Abstract
Offshore from the densely populated city of Dunedin lies the obscure Green Island Fault. Prior research into the offshore reverse fault has categorised it as an independent structure that is probably active. However, most of these studies have inaccurately disclosed the fault’s characteristics and potential seismicity. In this thesis, I use a combination of seismic analysis techniques to re-evaluate the true seismic potential of the Green Island Fault by accurately constraining its extent, dip, displacement, and past activity. This investigation aims to re- construct a better understanding of the Green Island Fault characteristics and use this knowledge to determine its maximum moment magnitude (Mw).
To successfully answer the aim of this thesis, seismic datasets gathered from a multichannel seismic survey 19PL064 using the R.V. Polaris II, were processed and interpreted alongside roughly 1200 km2 area of existing single channel and multi-channel data along the inner Otago shelf. From this survey, 28 seismic lines were processed through the GLOBE Claritas software package, followed by an in-depth interpretation of fault horizons and associated anomalies through 2D and 3D analysis within the IHS Kingdom software.
Through the successful 2D and 3D interpretation of high-resolution seismic datasets, the characteristics of the Green Island Fault were constrained. Within the data, the fault’s visible offset extended 8.23 km, with an inferred extent of 16 km based on deformation evident near White Island. However, identified between the Akatore and Green Island faults are offset horizons and a possible flower structure of positive or hybrid structure type, supporting the idea of a genetic linkage between the two seismic structures.
Due to the successful placement of seismic lines during the survey, true dip of the fault was determined near its centre. By tying shore parallel and perpendicular lines, a dip of 31° was calculated. Using case study evidence, this value was found to fall within the dip ranges expected for the Akatore Fault.
The active state of the Green Island Fault has been called into question in past studies due to its lack of seafloor surfaces features. However, it is found that surfaces features associated with the fault have been truncated over time due to changing erosional and depositional environments between glacial and inter-glacial periods. Based the combined effects of stirring from the Southland Current and tides, and storm induced currents along the inner shelf, constant erosional and depositional cycles have caused Holocene sediments as young as 6.5 ka to bury the truncated fault. This, along with the presence of a small fault scarp near the fault’s southern tail, suggest the fault is active.

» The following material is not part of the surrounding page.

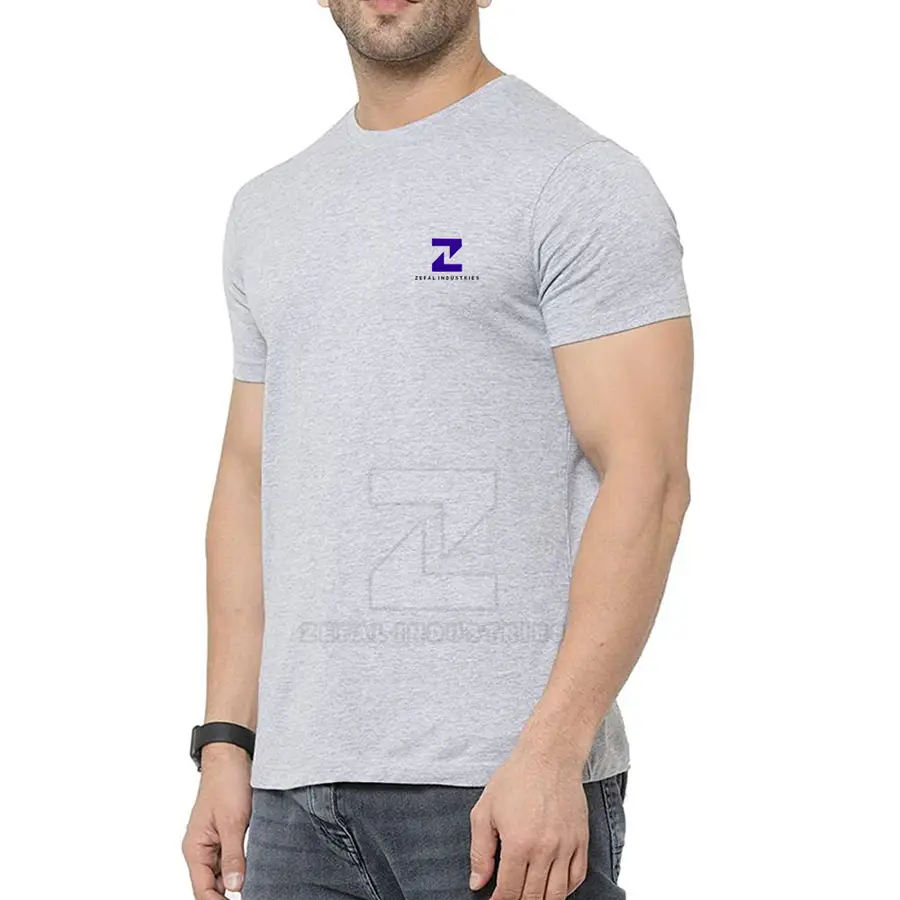 High Quality 100% Cotton Men Solid Regular Fit T-Shirt Short Sleeves OEM Service Custom Logo Eco-Friendly Breathable Summer — Zefal Industries product photograph 2 of 6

Displaced lithologies of the Green Island Fault were constrained through the support of case study evidence. The fault’s inshore flank contained a shallow dipping beds sequence that is interpreted to consist of the Otago Schist, Abbotsford Formation, Green Island Loose Sand, Burnside Mudstone, with possible evidence of the younger Caversham Sandstone close to the fault. Along its offshore flank, a visible anticline was interpreted to consist of mainly Abbotsford Formation with evidence Otago Schist below. Using trajectory estimates of interpreted Abbotsford Formation horizon offsets either side of the fault, a maximum displacement of 120 m was calculated for the southern 40% of the fault.
Based on the Characteristics described above, a maximum moment magnitude could be calculated for the Green Island Fault. Based on its independent extent (16 km), a maximum Mw range of 6.62 to 6.97 was calculated. However, the lower value calculated may not be able to generate enough energy to form the surface rupture present at the fault’s southern tail. Because of this, a maximum Mw range was calculated for the extent of the Akatore and Green Island Faults combined equating 7.07 to 7.42. Based on the energy required to produce a surface rupture and the similarities in fault characteristics, this thesis suggests that that Akatore and Green Island faults are not independent bodies but possibly genetically linked via a positive or hybrid flower structure, and that the Green Island Fault’s surface rupture may be the product of a seismic event generated by their combined extent.